McCollum and Georgia Conservancy President John Sibley served as advisers to the study committee, and were miffed when environmental protections were axed from the plan that'll become legislation.

Sibley and McCollum wanted the group to recognize that it's the state's job to protect water for the public, and not merely to allow industries to suck it all up so businesses can profit. That philosophy was taken out of the group's recommendations at the last minute.

Besides reservoirs, the biologists, engineers and activists want cities and counties to fix their leaky water pipes (some cities, they said, leak 25 percent of the water that's supposed to go to our taps).

They want to change building codes so that the use of gray water — water that's been cleaned up enough for yards and car washing after it's passed through the shower, kitchen sink and toilet — would be encouraged, instead of stifled as it is now.

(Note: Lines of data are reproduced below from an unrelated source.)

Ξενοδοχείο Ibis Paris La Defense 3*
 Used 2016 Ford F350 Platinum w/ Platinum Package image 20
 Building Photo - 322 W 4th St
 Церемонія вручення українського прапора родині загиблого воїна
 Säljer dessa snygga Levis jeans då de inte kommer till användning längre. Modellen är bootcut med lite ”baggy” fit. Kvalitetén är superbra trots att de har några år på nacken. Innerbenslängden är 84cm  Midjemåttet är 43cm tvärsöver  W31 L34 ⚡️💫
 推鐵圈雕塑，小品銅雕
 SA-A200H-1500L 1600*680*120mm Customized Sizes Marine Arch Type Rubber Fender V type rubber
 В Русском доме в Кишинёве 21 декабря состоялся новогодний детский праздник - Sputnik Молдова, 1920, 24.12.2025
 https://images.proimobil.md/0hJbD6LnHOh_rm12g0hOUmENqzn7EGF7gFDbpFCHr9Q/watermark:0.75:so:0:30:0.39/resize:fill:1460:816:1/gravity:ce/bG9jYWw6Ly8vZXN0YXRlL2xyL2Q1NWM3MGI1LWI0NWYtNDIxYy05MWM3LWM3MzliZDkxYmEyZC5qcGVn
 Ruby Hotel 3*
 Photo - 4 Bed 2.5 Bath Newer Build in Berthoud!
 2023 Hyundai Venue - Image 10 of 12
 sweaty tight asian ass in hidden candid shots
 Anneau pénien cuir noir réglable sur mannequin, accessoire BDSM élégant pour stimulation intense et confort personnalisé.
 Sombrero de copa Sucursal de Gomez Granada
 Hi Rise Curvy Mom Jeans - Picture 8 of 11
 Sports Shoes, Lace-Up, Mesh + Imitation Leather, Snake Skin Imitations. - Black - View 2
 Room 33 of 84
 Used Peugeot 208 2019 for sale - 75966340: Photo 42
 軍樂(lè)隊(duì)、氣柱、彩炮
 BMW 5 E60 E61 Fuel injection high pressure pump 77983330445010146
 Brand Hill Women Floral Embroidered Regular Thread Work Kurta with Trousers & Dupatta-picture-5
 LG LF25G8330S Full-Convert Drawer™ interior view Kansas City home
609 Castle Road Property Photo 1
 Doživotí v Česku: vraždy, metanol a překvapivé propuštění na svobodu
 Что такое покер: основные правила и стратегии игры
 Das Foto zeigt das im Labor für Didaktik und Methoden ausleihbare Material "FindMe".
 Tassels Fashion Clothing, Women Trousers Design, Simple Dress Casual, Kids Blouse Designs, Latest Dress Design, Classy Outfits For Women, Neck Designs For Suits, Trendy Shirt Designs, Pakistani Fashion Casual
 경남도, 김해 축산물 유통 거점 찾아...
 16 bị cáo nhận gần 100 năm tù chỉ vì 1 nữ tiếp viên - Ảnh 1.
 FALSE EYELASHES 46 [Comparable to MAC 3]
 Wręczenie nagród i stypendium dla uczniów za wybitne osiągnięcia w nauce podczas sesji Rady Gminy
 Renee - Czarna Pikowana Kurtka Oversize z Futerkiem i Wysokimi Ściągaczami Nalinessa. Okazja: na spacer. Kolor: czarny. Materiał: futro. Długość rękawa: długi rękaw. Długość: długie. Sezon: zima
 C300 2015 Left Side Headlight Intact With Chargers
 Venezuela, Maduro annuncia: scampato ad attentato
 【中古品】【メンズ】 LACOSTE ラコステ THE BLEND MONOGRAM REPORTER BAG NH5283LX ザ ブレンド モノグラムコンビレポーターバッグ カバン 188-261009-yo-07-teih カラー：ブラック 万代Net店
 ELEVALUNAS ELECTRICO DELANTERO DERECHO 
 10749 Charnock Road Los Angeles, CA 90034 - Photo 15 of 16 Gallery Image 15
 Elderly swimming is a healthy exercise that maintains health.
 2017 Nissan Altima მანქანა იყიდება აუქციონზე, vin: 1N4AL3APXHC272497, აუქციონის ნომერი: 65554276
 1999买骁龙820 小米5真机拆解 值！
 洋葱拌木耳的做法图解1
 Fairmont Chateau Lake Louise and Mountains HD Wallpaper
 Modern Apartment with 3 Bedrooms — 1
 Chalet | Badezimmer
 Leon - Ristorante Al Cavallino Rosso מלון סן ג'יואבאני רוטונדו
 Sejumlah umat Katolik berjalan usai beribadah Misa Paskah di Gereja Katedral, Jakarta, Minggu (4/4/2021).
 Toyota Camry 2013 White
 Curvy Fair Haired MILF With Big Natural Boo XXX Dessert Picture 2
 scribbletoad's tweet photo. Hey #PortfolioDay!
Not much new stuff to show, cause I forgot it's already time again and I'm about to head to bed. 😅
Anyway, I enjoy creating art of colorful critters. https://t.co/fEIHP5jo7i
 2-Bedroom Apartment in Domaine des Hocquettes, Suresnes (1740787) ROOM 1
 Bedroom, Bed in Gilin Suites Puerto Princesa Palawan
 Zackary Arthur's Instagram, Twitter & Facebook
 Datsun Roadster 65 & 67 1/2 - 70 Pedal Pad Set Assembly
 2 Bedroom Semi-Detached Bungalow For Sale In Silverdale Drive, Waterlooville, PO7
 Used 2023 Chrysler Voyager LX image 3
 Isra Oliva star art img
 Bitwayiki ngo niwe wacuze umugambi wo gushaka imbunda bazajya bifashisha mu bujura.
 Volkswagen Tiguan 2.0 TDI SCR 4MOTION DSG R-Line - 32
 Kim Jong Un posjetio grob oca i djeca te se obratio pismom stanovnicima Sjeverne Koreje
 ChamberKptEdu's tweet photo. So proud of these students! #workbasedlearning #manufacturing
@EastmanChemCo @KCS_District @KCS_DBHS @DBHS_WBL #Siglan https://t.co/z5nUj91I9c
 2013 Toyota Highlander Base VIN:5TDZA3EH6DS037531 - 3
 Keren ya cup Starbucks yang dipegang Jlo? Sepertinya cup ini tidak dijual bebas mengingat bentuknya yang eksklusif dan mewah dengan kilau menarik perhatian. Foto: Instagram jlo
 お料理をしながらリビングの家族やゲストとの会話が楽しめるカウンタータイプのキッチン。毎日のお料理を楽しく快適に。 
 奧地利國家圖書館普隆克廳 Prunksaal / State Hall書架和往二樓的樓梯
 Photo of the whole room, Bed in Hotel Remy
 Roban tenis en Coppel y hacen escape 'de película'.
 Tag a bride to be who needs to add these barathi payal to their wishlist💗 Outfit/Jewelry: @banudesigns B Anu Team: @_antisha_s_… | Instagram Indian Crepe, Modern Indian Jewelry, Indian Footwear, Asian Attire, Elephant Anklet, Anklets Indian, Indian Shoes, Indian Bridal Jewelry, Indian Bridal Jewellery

Repeatedly, they stressed the need for the state to perform an inventory of exactly how much water is being withdrawn from rivers by industries and farmers, and how much water those rivers and waterways can afford to lose and still remain healthy — a difficult feat the state is just beginning to wrestle with.

The group has two more meetings to finalize their priorities and write up the recommendations that will be given to Barnes, the man who, if re-elected, will likely forge the legislation that will control the state's water destiny.

"We're very hopeful he'll be receptive," McCollum says. "He's always been in the past, so we'll submit for his consideration our own set of recommendations by the end of the summer."

The four environmental groups won a $150,000 grant that'll pay for the costs of developing the recommendations, lobbying during the next legislative session, and a media campaign.

The bad news, though, is that the General Assembly has never been overly kind to state rivers. In 2000, a non-binding resolution that deemed waterways should be managed by the state for the public was shot down in the House of Representatives and in the state Senate.